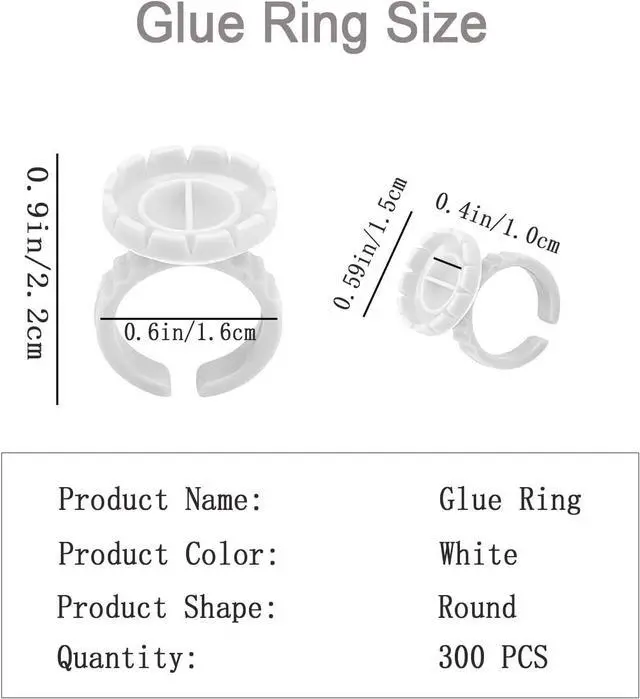 Alt view image 2 of 7 - Glue Rings for Eyelash Extension, 300 PCS Glue Rings Lash Extension Supplies Lash Rings for Glue, Disposable Glue Cups Eyelash Glue Holder Lash Extension Glue Rings, Lash Fan Blossom Glue Cups, White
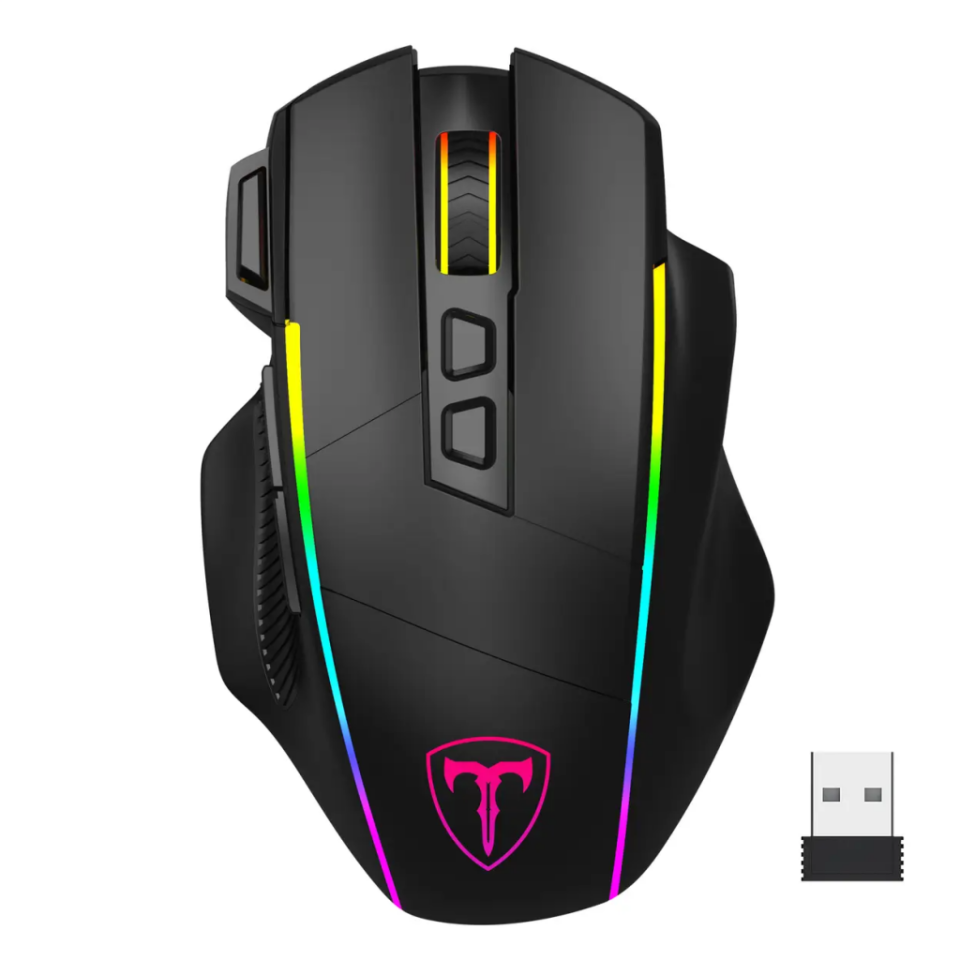 T-DAGGER TM330, Roadmaster Wireless, Programlanabilir RGB Backlight, 8 Buton, USB Kablolu, WiFi 2.4Ghz, Bluetooth, 16.00DPI, Gaming Mouse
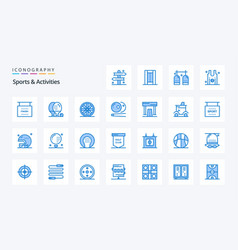 25 Sports Activities Blue Icon Pack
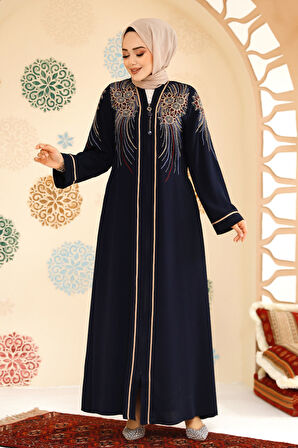Desenli Fermuarlı Tesettür Abaya 41565DSN3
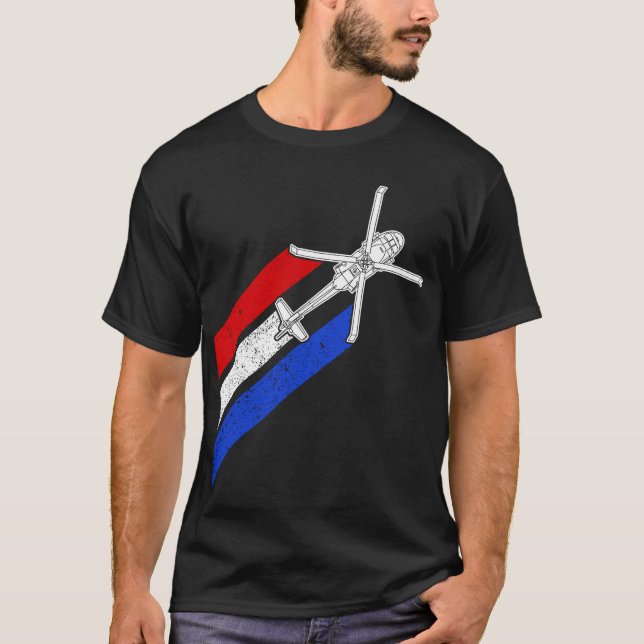 Camiseta Helicóptero militar con bandera estadounidense de  (Anverso)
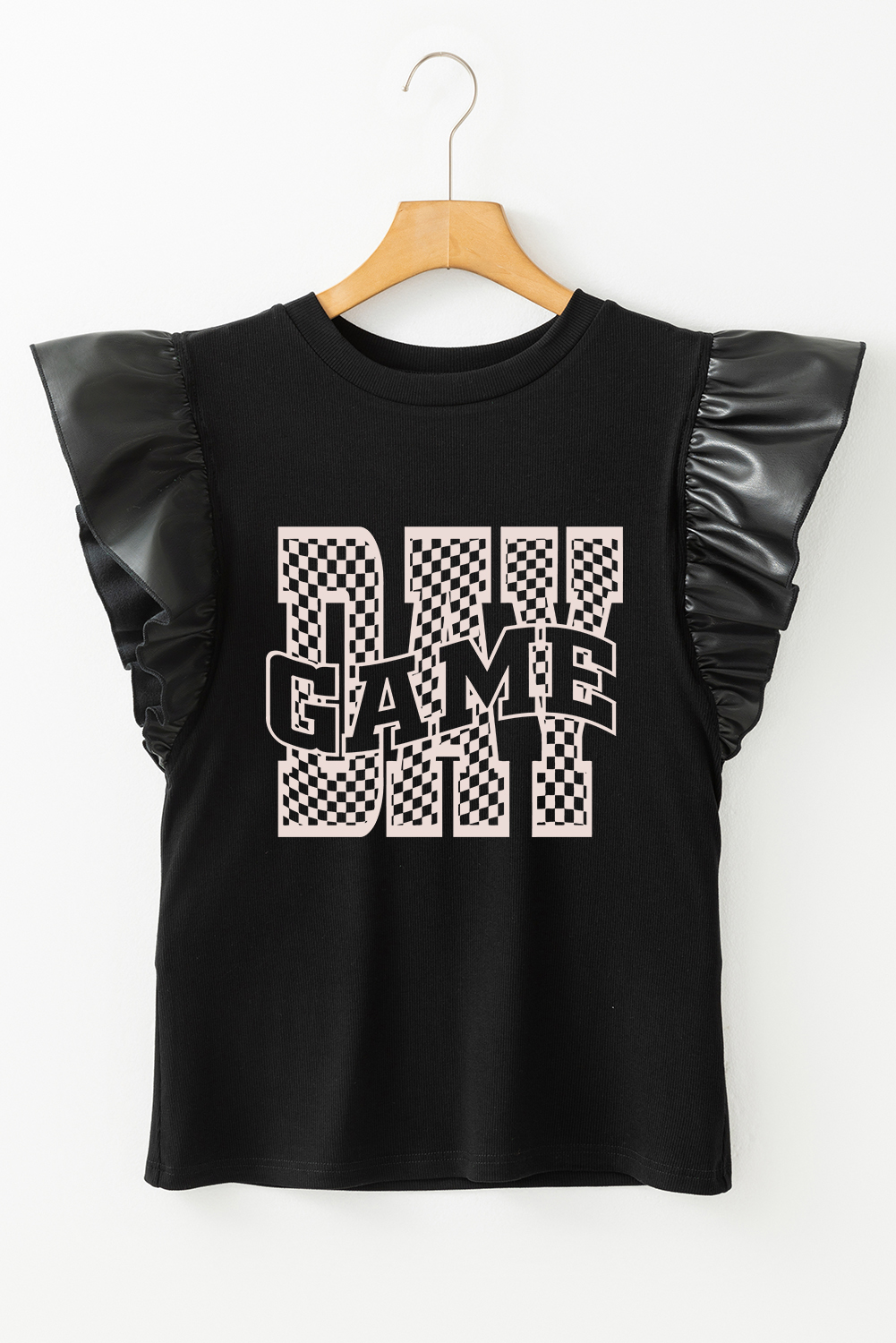 Black GAME DAY Checkered Letter Graphic Leatherette Ruffle Sleeve Top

+ + + + +

INSTRUCTIONS TO FOLLOW: Starting at the line that holds "25 Sports Activities Blue Icon Pack", retype every line through the end of the data, both ends included. Pictures stay out of the copy.

RESULT FOR THIS TASK:
 25 Sports Activities Blue Icon Pack
Desenli Fermuarlı Tesettür Abaya 41565DSN3
 Camiseta Helicóptero militar con bandera estadounidense de  (Anverso)
 Black GAME DAY Checkered Letter Graphic Leatherette Ruffle Sleeve Top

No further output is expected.